Part I: Cases Granted Review
Murthy v. Missouri, 23-411. The Court stayed a district court injunction, as modified by the Fifth Circuit, that limited the ability of various federal officials and agencies to communicate with social-media companies about their content moderation policies. The Court further treated the federal government’s application for a stay as a petition for a writ of certiorari, which it granted on the questions presented in the application, which were: “(1) Whether respondents have Article III standing; (2) Whether the government’s challenged conduct transformed private social-media companies’ content-moderation decisions into state action and violated respondents’ First Amendment rights; and (3) Whether the terms and breadth of the preliminary injunction are proper.”
Respondents―the States of Missouri and Louisiana and five individual social-media users―filed suit in federal court alleging that various federal officials and agencies (petitioners) engaged in public pressure campaigns, private meetings, and other direct communications with social-media platforms to compel the platforms to suppress disfavored speech, content, and viewpoints, which turned the platforms into state actors and violated the First Amendment. The district court agreed and granted respondents’ motion for a preliminary injunction. It enjoined 67 federal officials and entities from engaging in ten different types of communications with social-media companies regarding content moderation. It excepted matters concerning criminal activity, national security threats, and the like. The Fifth Circuit affirmed in part, though it narrowed the scope of the injunction.
Initially, the Fifth Circuit found that the individual respondents had standing because the past moderation of their posts caused them to self-censor their social-media activity. It also found a substantial risk that their injuries would reoccur because petitioners were in regular contact with the platforms and continued to enforce a misinformation policy. For the states, the Fifth Circuit reasoned they had standing because state actors’ posts had been removed, and the states had a right to speak and listen to their citizens on social media. On the merits, the Fifth Circuit concluded that the platforms’ content-moderation decisions were transformed into state action subject to the First Amendment where the government had coerced the platforms to such a degree that their decisions were found to be that of the government. The court concluded that coercion may be found not only by threats of punishment but also by a weighing of four factors: “(1) word choice and tone”; “(2) the recipient’s perception”; “(3) the presence of authority”; and “(4) whether the speaker refers to adverse consequences.” The court also stated that “significant encouragement” means the government “exercise[d] active, meaningful control over the private party’s decision.” The court then held that such “control” could be established by “entanglement in a party’s independent decision-making.” Based on those rulings, the Fifth Circuit ordered that “Defendants, and their employees and agents, shall take no actions, formal or informal, directly or indirectly, to coerce or significantly encourage social-media companies to remove, delete, suppress, or reduce, including through altering their algorithms, posted social-media content containing protected free speech. . . .”

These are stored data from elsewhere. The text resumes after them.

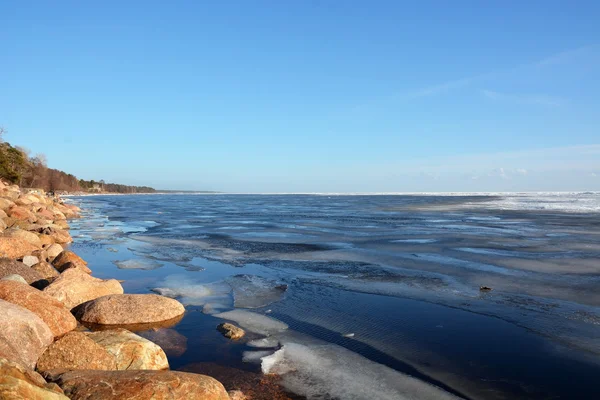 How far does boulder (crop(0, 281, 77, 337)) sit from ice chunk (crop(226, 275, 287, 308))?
3693mm

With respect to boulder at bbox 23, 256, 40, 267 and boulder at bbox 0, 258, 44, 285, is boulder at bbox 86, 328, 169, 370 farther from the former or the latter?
boulder at bbox 23, 256, 40, 267

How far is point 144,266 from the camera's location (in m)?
14.4

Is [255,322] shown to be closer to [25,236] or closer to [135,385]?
[135,385]

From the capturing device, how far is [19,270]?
9.33 m

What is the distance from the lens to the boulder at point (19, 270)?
9102 millimetres

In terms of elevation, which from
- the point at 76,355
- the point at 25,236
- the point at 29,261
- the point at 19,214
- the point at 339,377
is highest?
the point at 19,214

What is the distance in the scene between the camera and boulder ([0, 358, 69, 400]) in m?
3.44

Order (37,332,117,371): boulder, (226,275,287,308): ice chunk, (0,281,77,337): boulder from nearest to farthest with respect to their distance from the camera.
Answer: (37,332,117,371): boulder → (0,281,77,337): boulder → (226,275,287,308): ice chunk

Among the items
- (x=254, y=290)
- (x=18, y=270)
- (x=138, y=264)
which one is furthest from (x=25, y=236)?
(x=254, y=290)

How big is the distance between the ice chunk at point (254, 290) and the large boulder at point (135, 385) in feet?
15.9

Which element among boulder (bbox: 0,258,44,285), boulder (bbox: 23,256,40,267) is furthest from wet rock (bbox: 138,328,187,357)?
boulder (bbox: 23,256,40,267)

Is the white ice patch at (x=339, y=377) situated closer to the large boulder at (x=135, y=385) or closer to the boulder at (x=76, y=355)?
the large boulder at (x=135, y=385)

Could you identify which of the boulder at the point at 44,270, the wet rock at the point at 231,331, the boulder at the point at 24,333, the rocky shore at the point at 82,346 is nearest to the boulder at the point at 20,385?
the rocky shore at the point at 82,346

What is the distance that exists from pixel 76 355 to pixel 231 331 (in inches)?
111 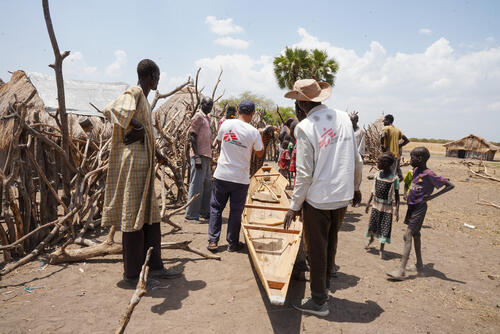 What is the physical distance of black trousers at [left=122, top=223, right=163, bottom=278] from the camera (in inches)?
114

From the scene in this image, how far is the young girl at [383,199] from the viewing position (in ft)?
13.2

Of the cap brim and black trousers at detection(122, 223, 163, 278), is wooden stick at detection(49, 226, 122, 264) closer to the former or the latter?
black trousers at detection(122, 223, 163, 278)

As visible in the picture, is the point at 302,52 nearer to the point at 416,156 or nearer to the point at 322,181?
the point at 416,156

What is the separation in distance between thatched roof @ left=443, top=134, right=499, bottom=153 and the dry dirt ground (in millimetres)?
26296

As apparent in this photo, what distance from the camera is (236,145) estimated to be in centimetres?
385

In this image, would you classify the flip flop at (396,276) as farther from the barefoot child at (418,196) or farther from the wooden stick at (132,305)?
the wooden stick at (132,305)

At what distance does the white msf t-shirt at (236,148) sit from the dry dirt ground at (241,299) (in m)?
1.09

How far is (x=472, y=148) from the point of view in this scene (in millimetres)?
26094

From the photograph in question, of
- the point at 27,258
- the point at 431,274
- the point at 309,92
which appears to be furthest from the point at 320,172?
the point at 27,258

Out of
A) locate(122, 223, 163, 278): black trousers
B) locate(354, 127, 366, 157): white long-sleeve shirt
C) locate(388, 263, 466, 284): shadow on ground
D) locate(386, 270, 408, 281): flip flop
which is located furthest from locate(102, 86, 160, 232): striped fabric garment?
locate(354, 127, 366, 157): white long-sleeve shirt

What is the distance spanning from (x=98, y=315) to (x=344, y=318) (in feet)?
7.02

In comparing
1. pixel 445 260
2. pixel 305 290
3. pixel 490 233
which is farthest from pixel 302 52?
pixel 305 290

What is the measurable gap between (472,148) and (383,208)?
2816 centimetres

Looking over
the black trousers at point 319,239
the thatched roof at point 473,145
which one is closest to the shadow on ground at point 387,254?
the black trousers at point 319,239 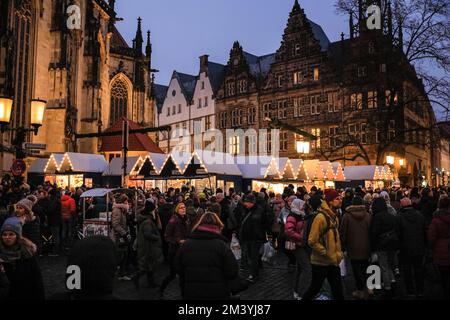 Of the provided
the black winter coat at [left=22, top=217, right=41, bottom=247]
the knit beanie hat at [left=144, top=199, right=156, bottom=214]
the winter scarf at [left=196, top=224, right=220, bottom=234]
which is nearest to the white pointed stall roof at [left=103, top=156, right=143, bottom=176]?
the knit beanie hat at [left=144, top=199, right=156, bottom=214]

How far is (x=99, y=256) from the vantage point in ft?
9.96

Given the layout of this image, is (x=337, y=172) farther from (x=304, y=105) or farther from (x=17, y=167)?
(x=17, y=167)

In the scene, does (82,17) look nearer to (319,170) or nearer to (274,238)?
(319,170)

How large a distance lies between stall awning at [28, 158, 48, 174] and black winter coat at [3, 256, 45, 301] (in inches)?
873

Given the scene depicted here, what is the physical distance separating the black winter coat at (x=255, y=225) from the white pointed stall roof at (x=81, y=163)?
664 inches

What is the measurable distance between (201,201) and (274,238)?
2465 mm

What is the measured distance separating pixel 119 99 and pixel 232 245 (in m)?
33.1

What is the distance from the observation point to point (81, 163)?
24219 mm

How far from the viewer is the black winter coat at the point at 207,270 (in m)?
3.87

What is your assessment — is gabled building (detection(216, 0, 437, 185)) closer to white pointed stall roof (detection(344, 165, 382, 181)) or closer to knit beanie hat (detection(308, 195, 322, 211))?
white pointed stall roof (detection(344, 165, 382, 181))

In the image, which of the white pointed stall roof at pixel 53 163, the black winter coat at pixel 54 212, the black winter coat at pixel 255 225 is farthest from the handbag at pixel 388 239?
the white pointed stall roof at pixel 53 163

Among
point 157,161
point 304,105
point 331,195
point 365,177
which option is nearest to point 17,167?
point 331,195

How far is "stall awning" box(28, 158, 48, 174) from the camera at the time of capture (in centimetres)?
2545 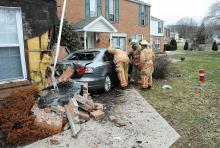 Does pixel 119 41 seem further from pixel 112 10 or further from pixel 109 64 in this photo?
pixel 109 64

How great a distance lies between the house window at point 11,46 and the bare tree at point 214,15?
111 ft

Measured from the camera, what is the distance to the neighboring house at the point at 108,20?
727 inches

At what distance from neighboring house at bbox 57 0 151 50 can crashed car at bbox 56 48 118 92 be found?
8.79 m

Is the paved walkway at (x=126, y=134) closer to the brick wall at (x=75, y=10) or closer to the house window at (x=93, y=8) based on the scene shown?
the brick wall at (x=75, y=10)

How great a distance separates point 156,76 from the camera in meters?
11.5

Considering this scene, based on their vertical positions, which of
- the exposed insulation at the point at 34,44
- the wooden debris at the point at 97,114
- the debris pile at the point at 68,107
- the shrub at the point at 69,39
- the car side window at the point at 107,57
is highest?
the shrub at the point at 69,39

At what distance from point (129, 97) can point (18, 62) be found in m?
3.60

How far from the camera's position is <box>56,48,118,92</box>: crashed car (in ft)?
25.3

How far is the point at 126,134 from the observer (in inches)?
219

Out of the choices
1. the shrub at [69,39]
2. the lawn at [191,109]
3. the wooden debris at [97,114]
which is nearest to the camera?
the lawn at [191,109]

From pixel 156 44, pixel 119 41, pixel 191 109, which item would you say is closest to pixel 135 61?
pixel 191 109

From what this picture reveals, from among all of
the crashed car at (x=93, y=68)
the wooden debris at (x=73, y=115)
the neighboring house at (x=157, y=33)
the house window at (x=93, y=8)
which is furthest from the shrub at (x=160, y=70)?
the neighboring house at (x=157, y=33)

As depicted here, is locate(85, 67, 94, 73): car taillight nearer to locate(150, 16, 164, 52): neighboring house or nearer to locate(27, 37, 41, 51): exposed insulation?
locate(27, 37, 41, 51): exposed insulation

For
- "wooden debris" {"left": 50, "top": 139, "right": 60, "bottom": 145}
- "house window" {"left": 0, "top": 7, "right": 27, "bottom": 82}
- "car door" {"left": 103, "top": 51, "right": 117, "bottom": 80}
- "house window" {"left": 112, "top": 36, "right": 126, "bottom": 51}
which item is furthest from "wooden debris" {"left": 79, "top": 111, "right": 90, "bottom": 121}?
"house window" {"left": 112, "top": 36, "right": 126, "bottom": 51} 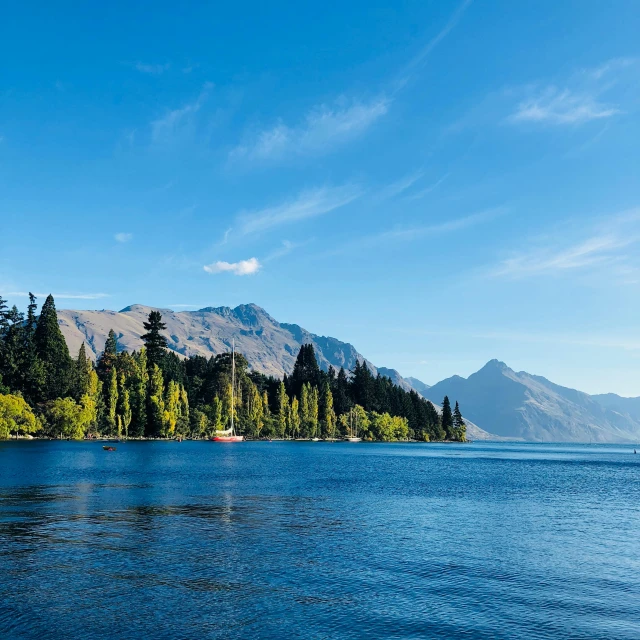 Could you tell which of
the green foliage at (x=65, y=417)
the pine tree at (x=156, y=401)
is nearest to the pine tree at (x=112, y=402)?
the pine tree at (x=156, y=401)

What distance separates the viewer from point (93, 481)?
67562 millimetres

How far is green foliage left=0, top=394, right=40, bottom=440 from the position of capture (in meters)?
140

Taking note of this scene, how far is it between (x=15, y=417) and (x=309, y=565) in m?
135

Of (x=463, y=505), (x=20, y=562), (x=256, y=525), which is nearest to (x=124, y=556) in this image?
(x=20, y=562)

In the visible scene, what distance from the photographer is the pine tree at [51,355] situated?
541 ft

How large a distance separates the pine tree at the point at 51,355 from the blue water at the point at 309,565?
367ft

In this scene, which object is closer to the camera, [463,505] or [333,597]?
[333,597]

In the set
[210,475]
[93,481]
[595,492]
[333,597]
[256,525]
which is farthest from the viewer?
[210,475]

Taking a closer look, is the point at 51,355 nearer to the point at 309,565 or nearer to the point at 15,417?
the point at 15,417

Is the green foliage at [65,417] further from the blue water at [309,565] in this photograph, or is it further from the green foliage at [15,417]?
the blue water at [309,565]

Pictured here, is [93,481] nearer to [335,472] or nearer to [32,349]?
[335,472]

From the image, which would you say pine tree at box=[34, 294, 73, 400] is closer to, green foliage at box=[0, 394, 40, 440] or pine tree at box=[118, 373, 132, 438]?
green foliage at box=[0, 394, 40, 440]

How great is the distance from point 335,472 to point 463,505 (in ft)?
131

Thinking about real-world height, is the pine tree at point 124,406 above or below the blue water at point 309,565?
above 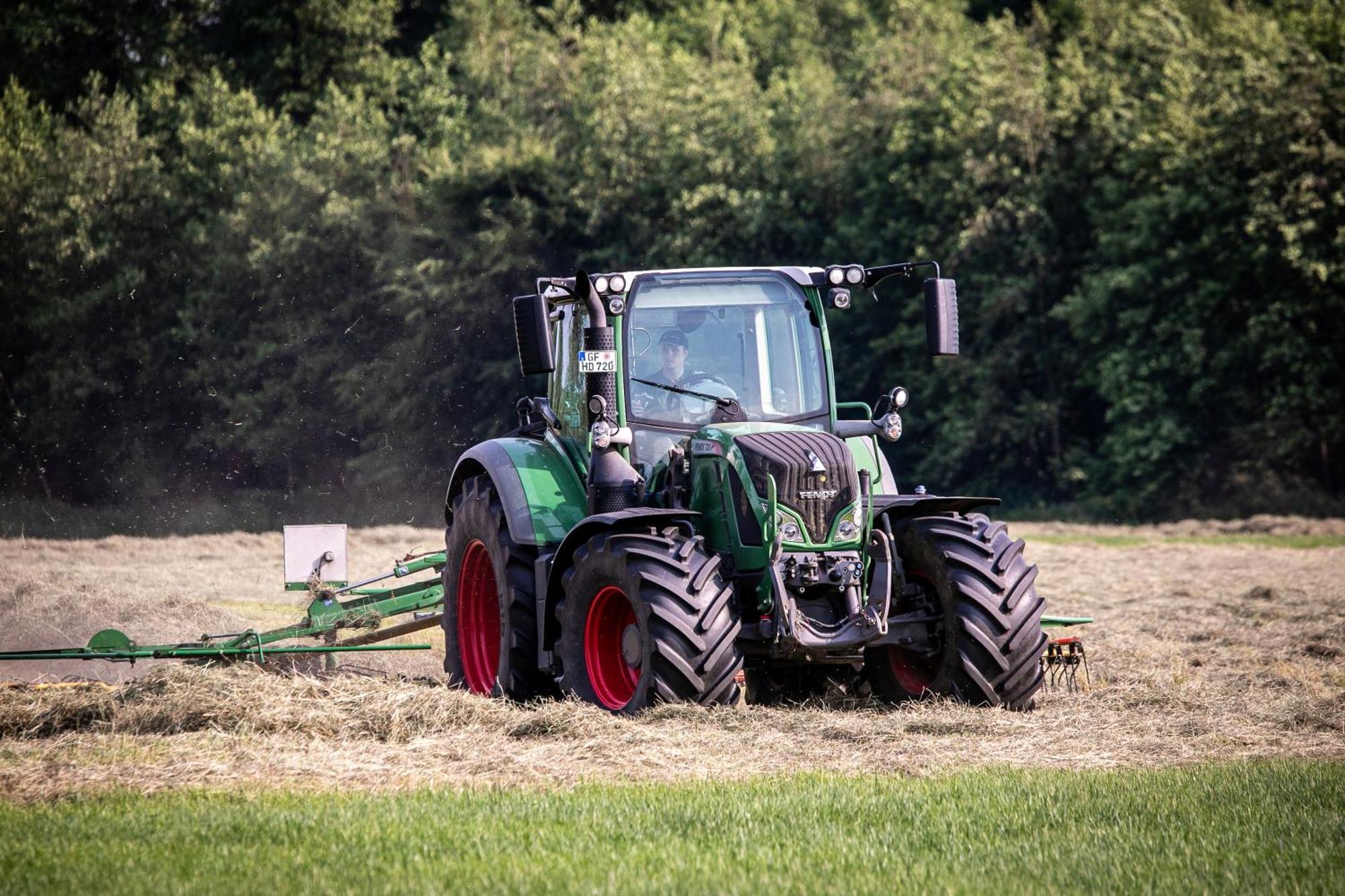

The enjoined federal officials and entities (the federal government) argue that the Fifth Circuit’s decision violates Article III standing principles, state action and First Amendment principles, and equity principles. First, the federal government argues that the individual respondents lack standing because most of the challenged content moderation occurred before the challenged conduct and thus cannot be traced to the government. Even if it could, the federal government argues that such past activity does not amount to a live case or controversy, particularly where any future harm would be self-inflicted. For the state respondents, the federal government argues that a handful of injuries could not justify injunctive relief without an identified immediate threat of repeated injury. And it asserts that the right-to-listen justification was equally without merit because such a theory was boundless and would allow anyone to sue.
On the merits, the federal government contends that it is axiomatic that the government has a right to provide public information and advocate for its policies. And, it says, there is a fundamental difference between such persuasion and coercion. The Fifth Circuit’s decision was flawed, the federal government urges, because it failed to observe that difference and lacked supporting evidence of any threatened adverse action. Finally, the federal government argues that equity principles bar the injunction because its terms—precluding all posts on all social-media platforms by any person on any topic—sweeps farther than is necessary to address any harm to respondents.
Relentless, Inc. v. Dep’t of Commerce, 22-1219. This case presents the same question as a consolidated case, Loper Bright Enterprises v. Raimondo, Sec’y of Commerce, 22-451 (cert granted on May 1, 2023). That question is whether the Court should overrule Chevron v. Natural Res. Def. Council, 467 U.S. 837 (1984), “or at least clarify that statutory silence concerning controversial powers expressly but narrowly granted elsewhere in the statute does not constitute an ambiguity requiring deference to the agency.”
This case concerns the same statute and regulation as Loper Bright Enterprises. The National Marine Fisheries Service adopted a regulation under which the owners of covered vessels fishing for Atlantic herring can be required to pay for the services of third-party monitors, whom the vessels must carry onboard for some fishing trips to collect data for fishery conservation and management. These costs were estimated to be as much as $710 per day. The vessel owners sued, arguing that the regulation exceeded the agency’s statutory authority by requiring vessel owners to pay for the monitoring. The district court applied Chevron, which asks whether the statute is ambiguous and if so, whether the agency has a “permissible construction of the statute.” The court upheld the regulation at step two as a reasonable agency interpretation of an ambiguous statute. The First Circuit affirmed. 62 F.4th 621.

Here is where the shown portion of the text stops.